Of the total 29,543 civil servants in 2018 there are 14,051 (47.7%) civil servants in the Professional and Management category of P5- P1 category, 12,729 (43.2%) civil servants in Supervisory and Support (S5-SS1) category, 2,390 (8.1%) in Operational (O4-O1) position and only remaining 1% in Executive and Specialist position category.
In terms of public servants there are 5,361 ESP and GSP employees. There there are 72 in Parliament, 26 constitutional posts, 553 NFE instructors, 1.499 in local government, 277 para regulars, 114 in RAPA and six others coming to a total of 7,908 public servants.

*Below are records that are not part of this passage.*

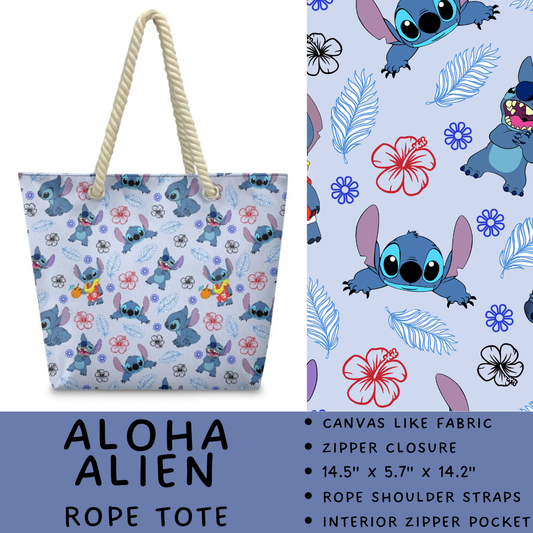 Batch #440 - Magical Character Rope Tote - Closes 10/31 - ETA mid Dec - Aloha Alien Rope Tote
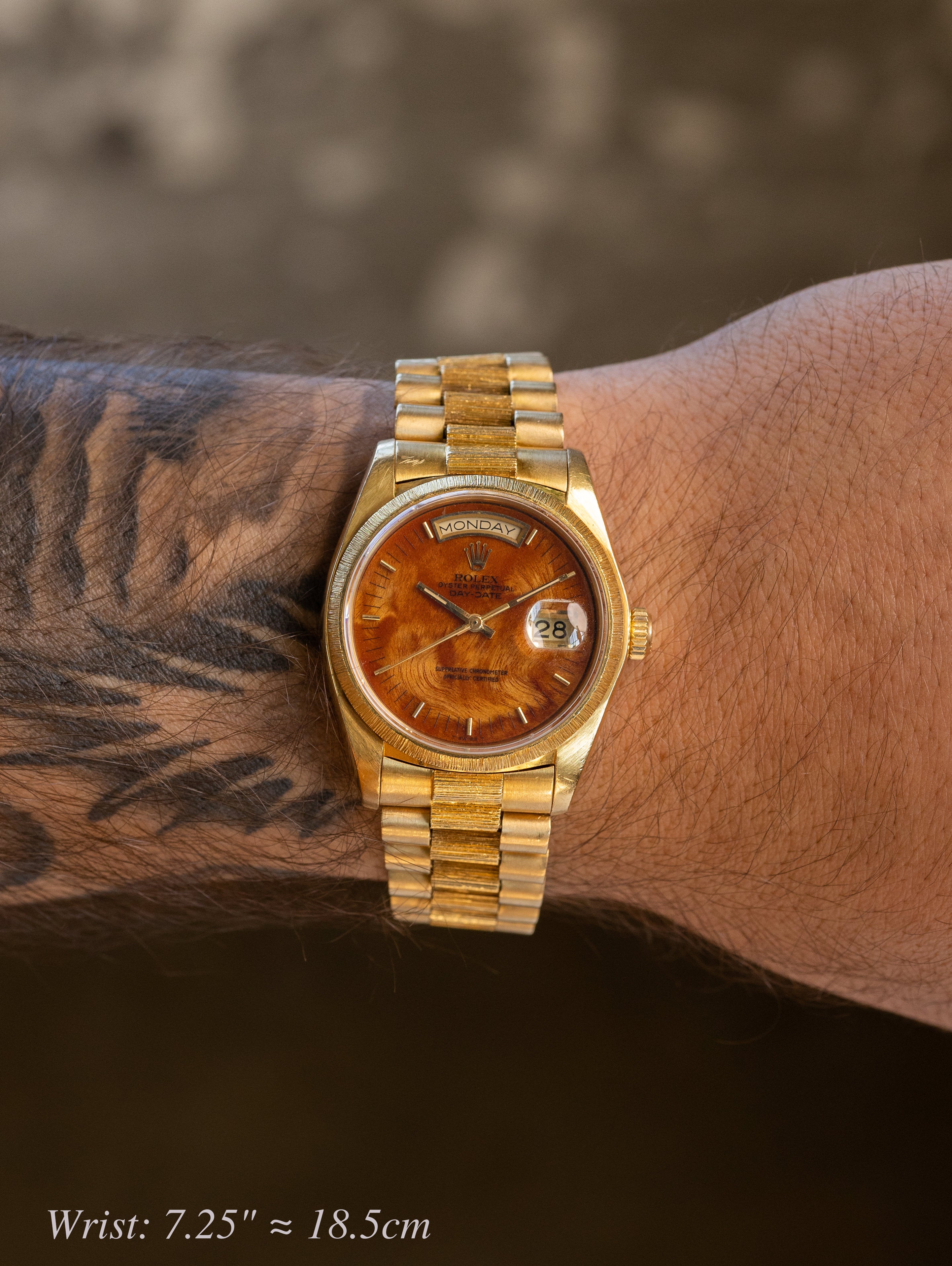 Rolex Day-Date Ref. 18078 - 'Bark' w/ 'Birchwood' Dial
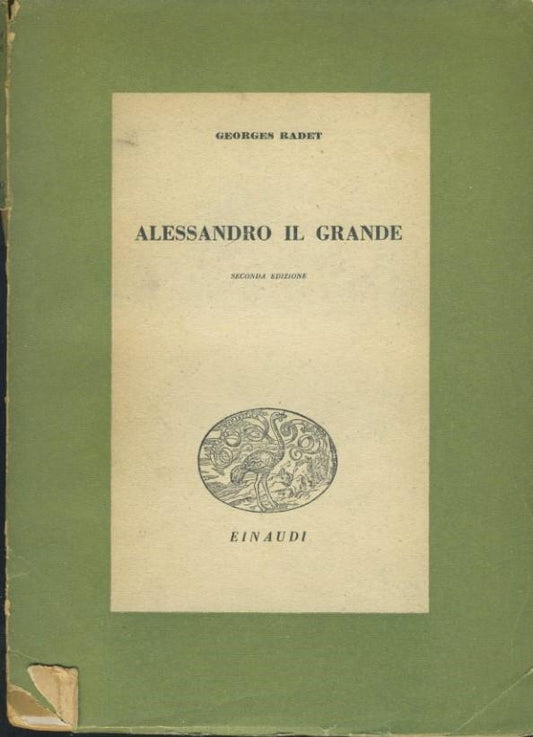 Alessandro il grande - copertina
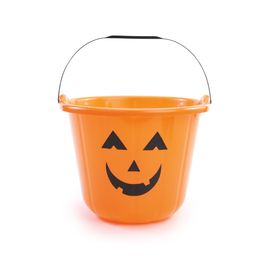 Baldinho Abóbora Halloween 17cm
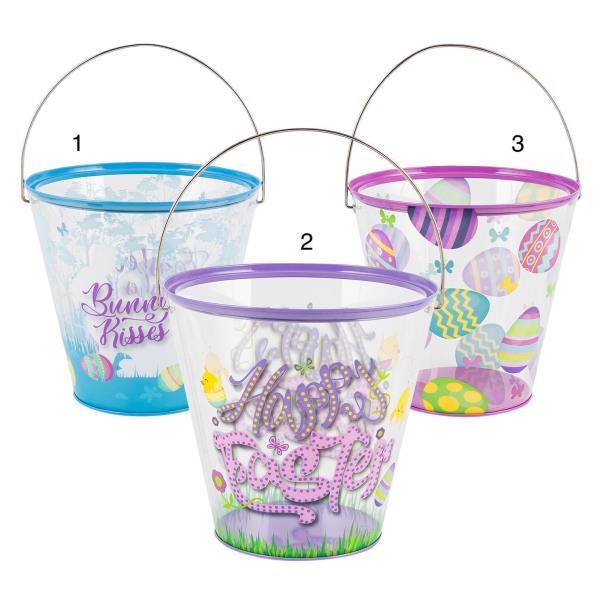 HAPPY EASTER BUCKET WITH HANDLE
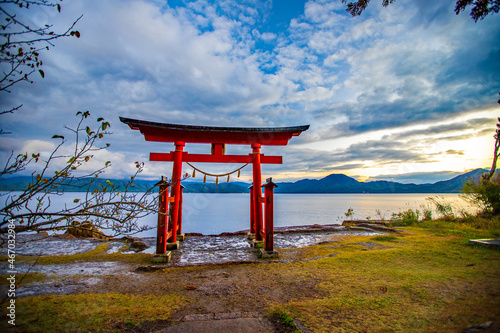 秋田県　田沢湖の風景 © スプやん
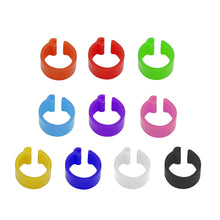 Load image into Gallery viewer, 100Pcs Pigeons Foot Ring 8/10x7mm Bird Foot Ring Outdoor Flight Training Tool Plastic Clip Ring Pigeon Dove Quail Foot Ring Competition Identification Label
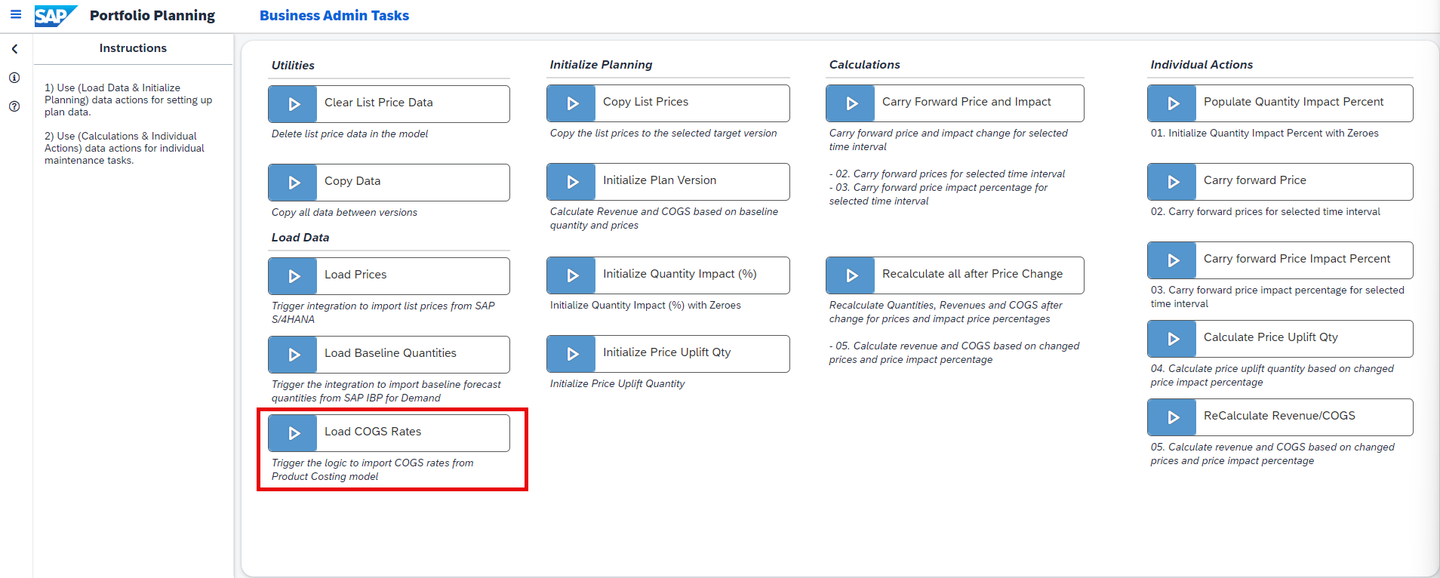 xp&A Commercial Planning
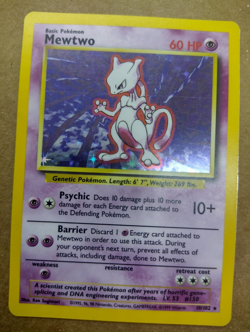 Base Set Mewtwo 10/102 Holo Pokemon Card WOTC Excellent Condition - Image 1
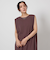 【WEB限定】＜at ease＞ノースリーブ タック カットソー ワンピース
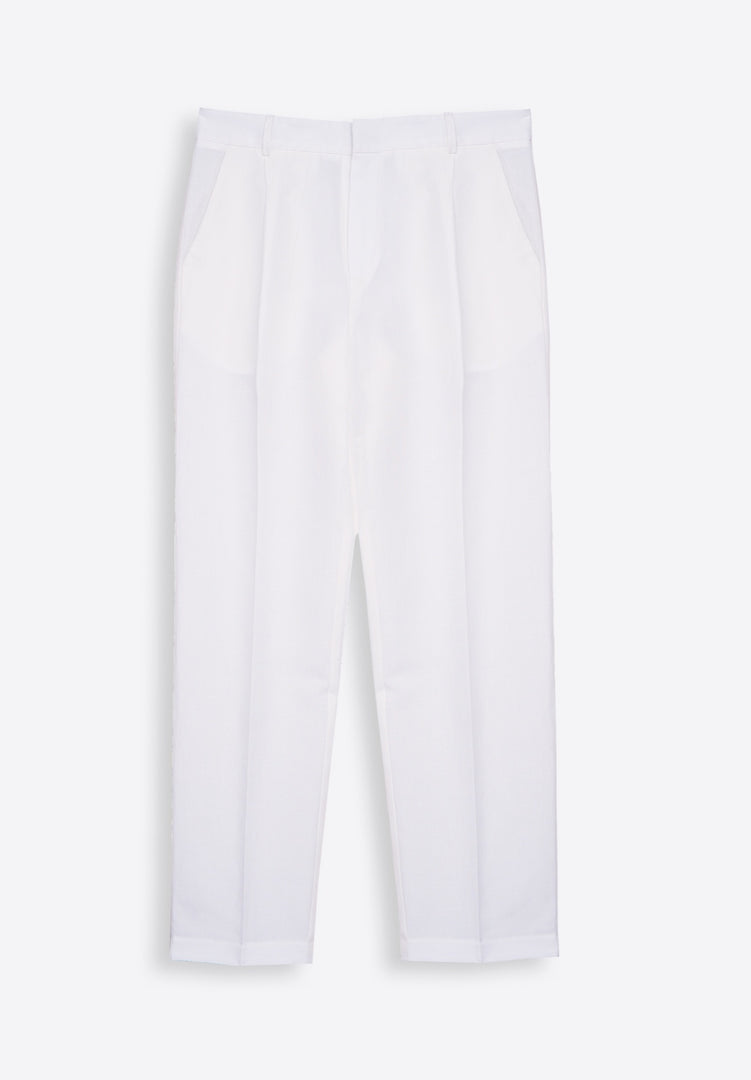 White Linen Trousers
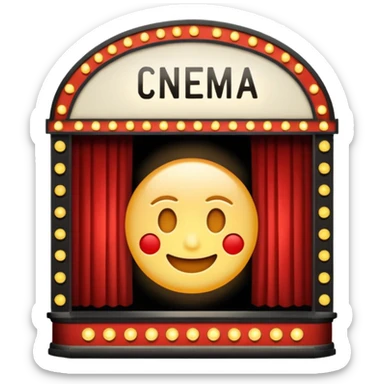 Cinema sticker
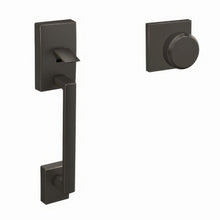 Schlage FC285CEN-BWECOL Century with Bowery Knob with Collins Rose Bottom Half Handleset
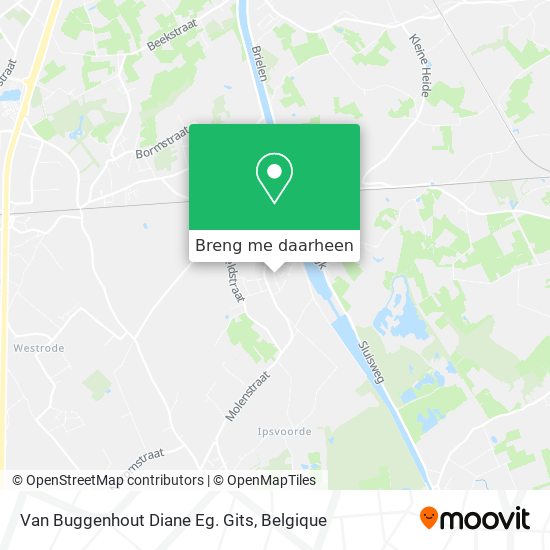 Van Buggenhout Diane Eg. Gits kaart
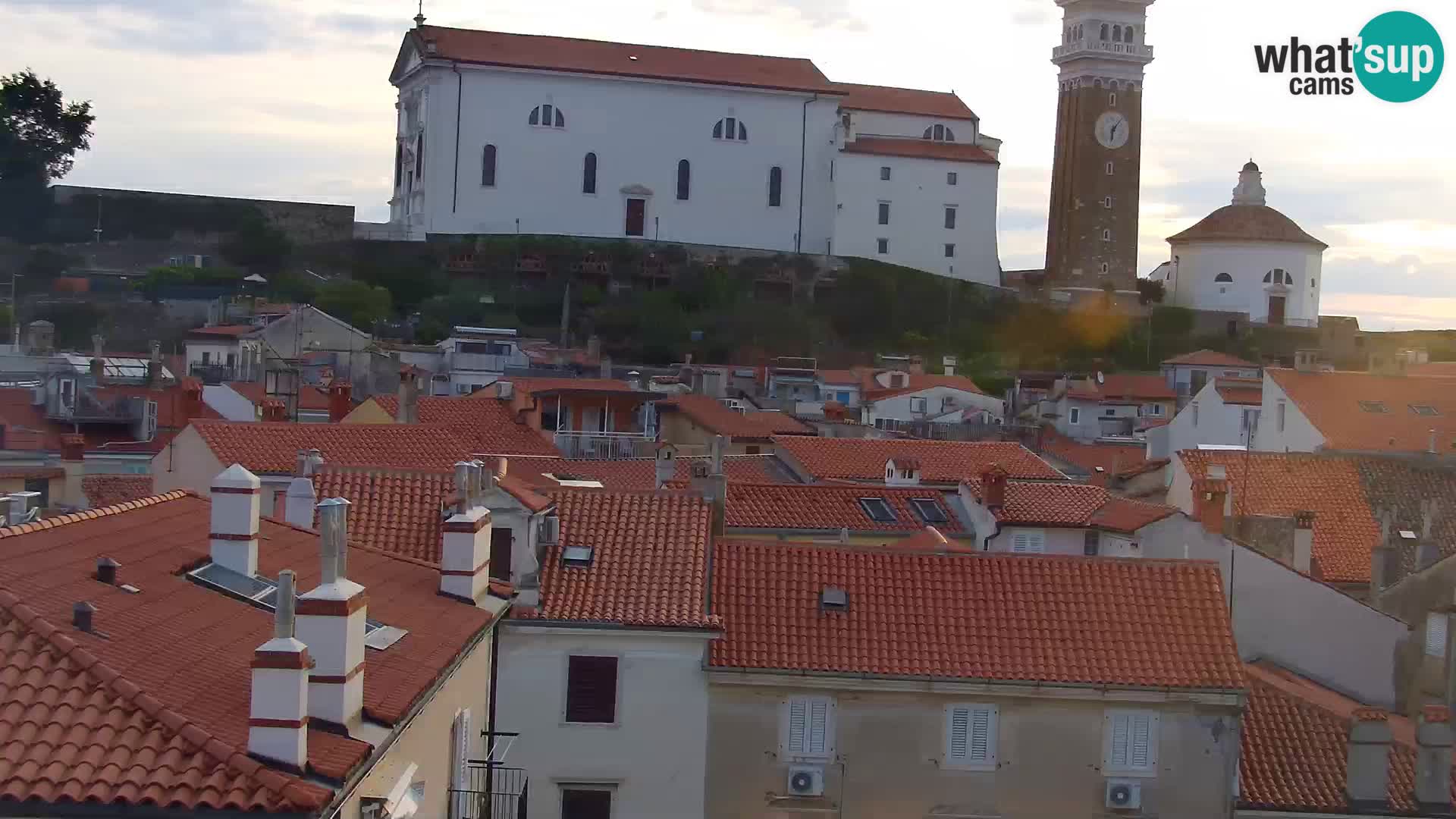 PIRAN Webcam | Strandpromenade Punta | Hotel Piran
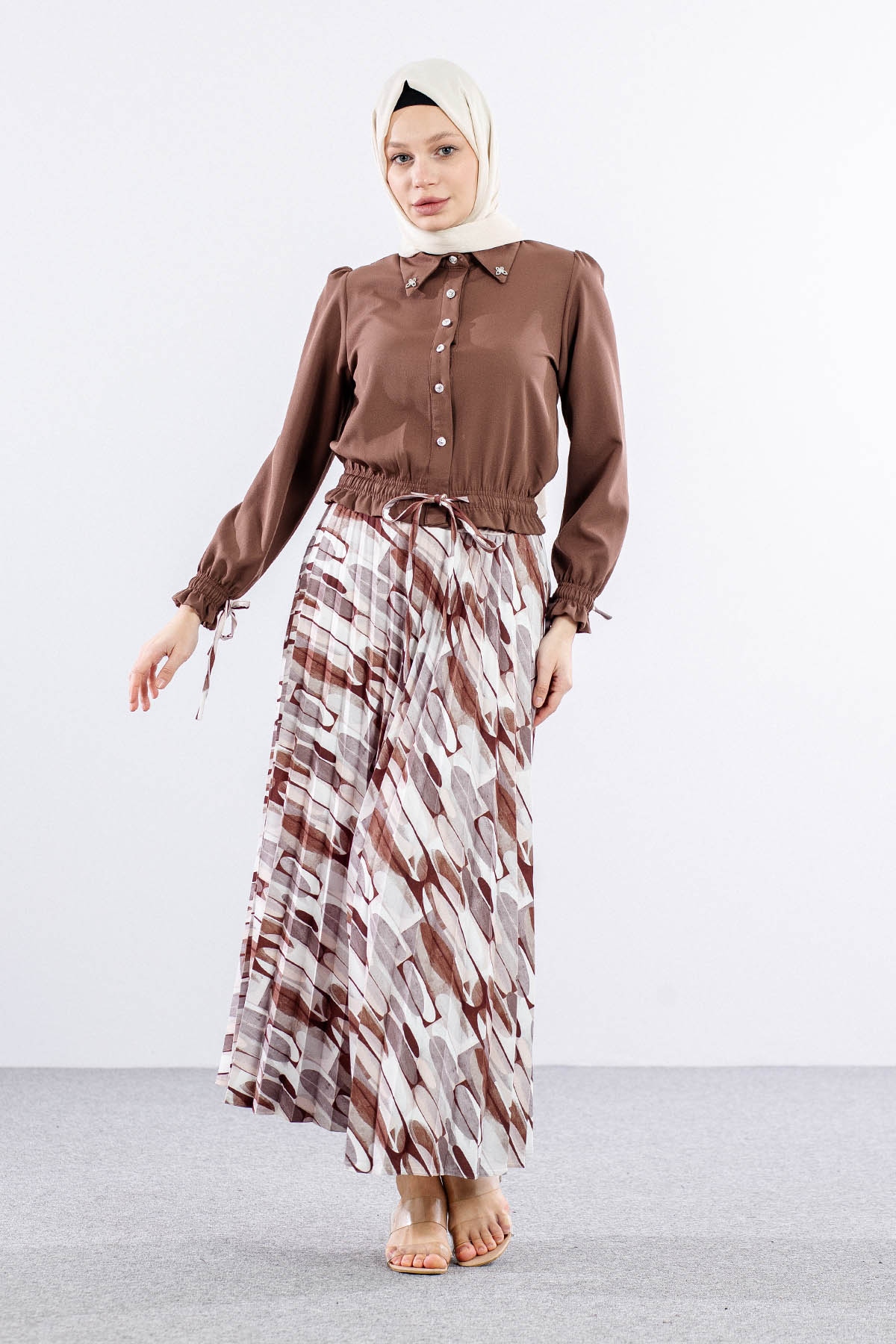 3583 E.takim 38-46 Dsn - Ekru_kahve - 1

There are then 3,087 working in contract in the civil service mostly in education and projects.
This takes the total to 38,003 public servants who mostly make up the middle or bottom. While the income gap or difference in the civil service will widen the difference will be even higher with the private sector.
Bhutan’s weak private sector is already lagging behind in wages compared to civil servants. Except for a few big companies the vast majority of small and mid-sized companies will not be able to given a similar basic pay hike.
Added to this is now the headache that the government’s PF contribution will move from 11 percent to 18 percent and there is a 10 percent PBI. In the private sector the company has to contribute the PF which in most cases is well below the government’s current 11% contribution. While the civil servants will see at least some increase in the HRA there will be no similar relief for private sector employees.
So while landlords will uniformly increase the rent, the civil servants will at least have the capacity to pay, but the financial pressure will increase on private sector employees and along with that an ever-widening income gap between the government and private sector.